The Echo Park Patch gives El jardin Femenil a nice plug. Now go see it. Show closes April 7th, 2012 click here for original.
The Echo Park Patch
Last Chance: Art Inspired by the Drug Wars
By Anthea Raymond
April 2, 2012
Colombian-American aritst Carolyln Castano grew up in Historic Filipinotown and lives in Solano Canyon today. Her latest show "El Jardin Femenil Y Otros Ocasos" closes April 7 at the Walter Macial Gallery.
Solano Canyon-based painter and video artist Carolyn Castano has been at the cutting edge for a long while.
Her work was included in the controversial Phantom Sightings: Art after the Chicano Movement, which originated at LACMA in 2008.
She's been a board member at Highland Park's Outpost for Contemporary Art, and, in 2010, organized a Soccer Tournament benefit integrating performance art and live music on the Vista Hermosa fields in Echo Park.
Castano's parents came to the U.S. from Colombia in 1962, and settled in Historic Filipinotown, where she grew up.
Lately, she's been thinking and creating a lot about narco-traffcking and how women, especially, are affected.
Her show El Jardin Femenil Y Otros Ocasos features paintings and videos on that theme, according to a press release:
The role of women in the male-dominated drug culture is performed in many guises as mules, money launderers, trophies and wives. Not coincidentally, many of these women are also beauty queens, models, actresses, or TV journalists. The show includes large format paintings of young female victims.
Castano also portrays a newscaster modeled after Maria Elena Salinas, a well-known Latina journalist, in a video created for the show.
El Jardin Femenil Y Otros Ocasos continues Saturday, April 7 at the Walter Macial Gallery 2642 S. La Cienega Blvd 90034.
El Jardin Femenil Y Otros Ocasos receives a wonderful review from Sharon Mizota of the LA Times. Click here.
Art Review: Carolyn Castaño at Walter Maciel Gallery
by Sharon Mizota
March 22, 2012
Carolyn Castaño’s latest exhibition at Walter Maciel Gallery serves as an ambivalent memorial to female victims of the Latin American drug trade. Four large paintings, each named for a real woman, depict idealized nudes reclining in lush, glitter-strewn tropical landscapes. The women are equal parts art history and pin-up poster, but there’s something sinister about the large, Rousseau-like vegetation that surrounds them. Studded with skulls and other images of death, ominous swathes of pure black press in, giving the figures’ white skin an otherworldly glow.

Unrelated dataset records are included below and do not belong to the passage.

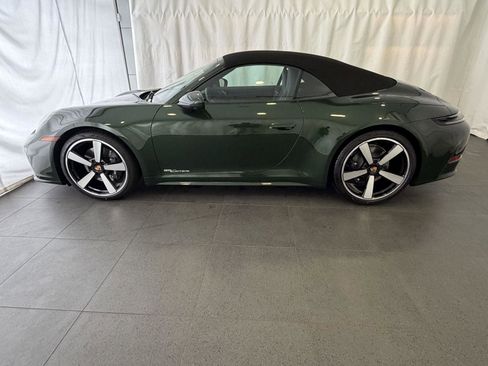 New 2026 Porsche 911 Carrera image 2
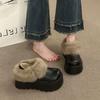 Thick-soled Velvet Warm Woman, Wearing Fluffy Cotton Shoes In Winter and Leather Snow Boots On One Foot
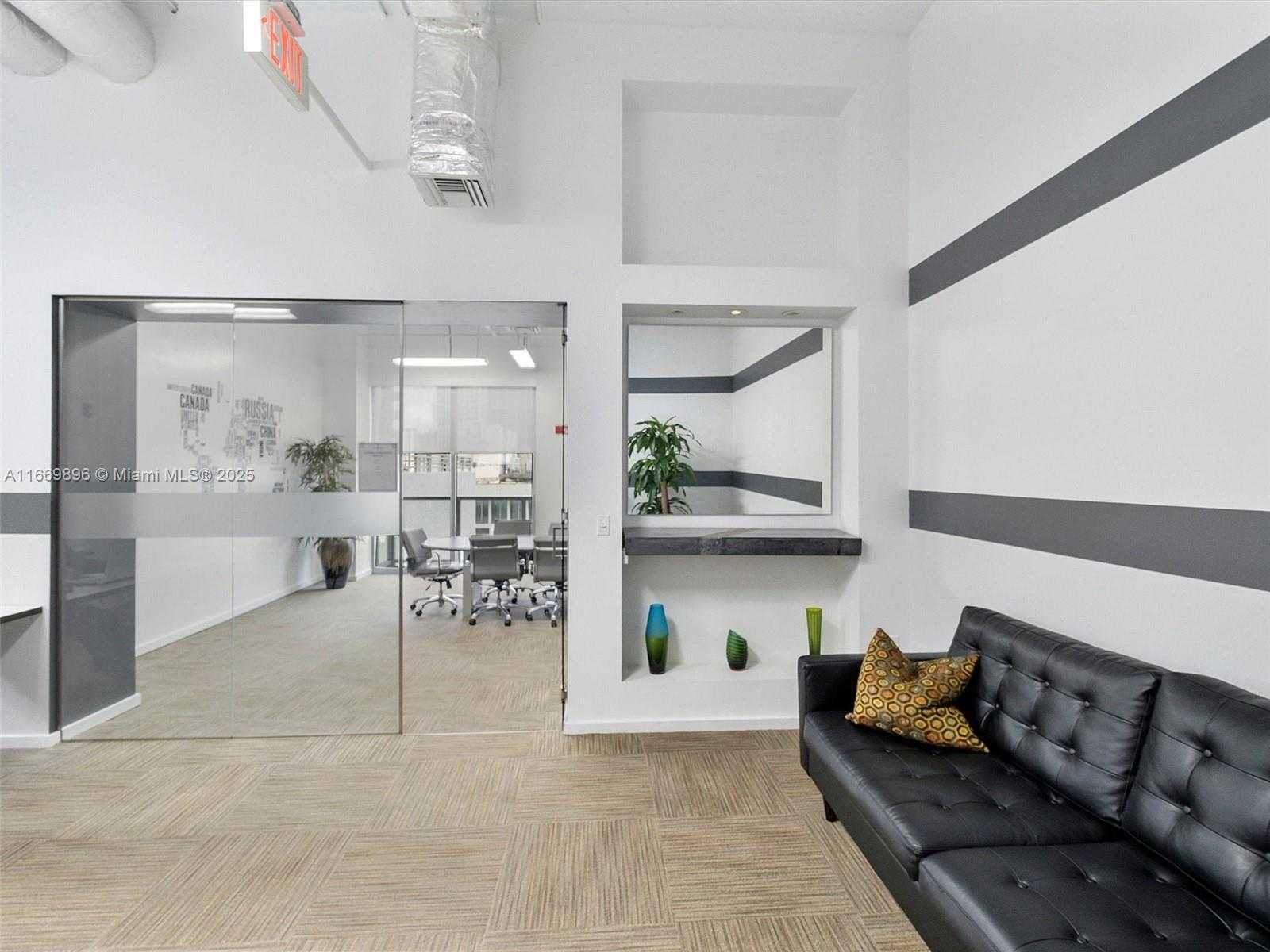 Small Image of 1060 BRICKELL AVE #3117, Miami Number 36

Smaller paintings feature the severed heads of male drug lords — a seemingly vindictive symbolic act. While Castaño restores the women to life, she tosses the men’s heads in the long grass. Still, they too are encrusted with glitter and sparkly flowers. Perhaps they died much as they lived: astride an undercurrent of violence papered over with rhinestones.
The paintings are darkly beautiful, but the highlight of the show is a video featuring Castaño as a newscaster rattling off a litany of sound bites on the history and status of women in Latin America. Alternating seamlessly between English and Spanish — often in mid-sentence — the work pokes fun at the quick-cut, non sequitur nature of TV news while rattling the viewer’s linguistic and cognitive circuits. It undoes what we think we know about Latin American women, clearing a space, hopefully, for something more real and complex.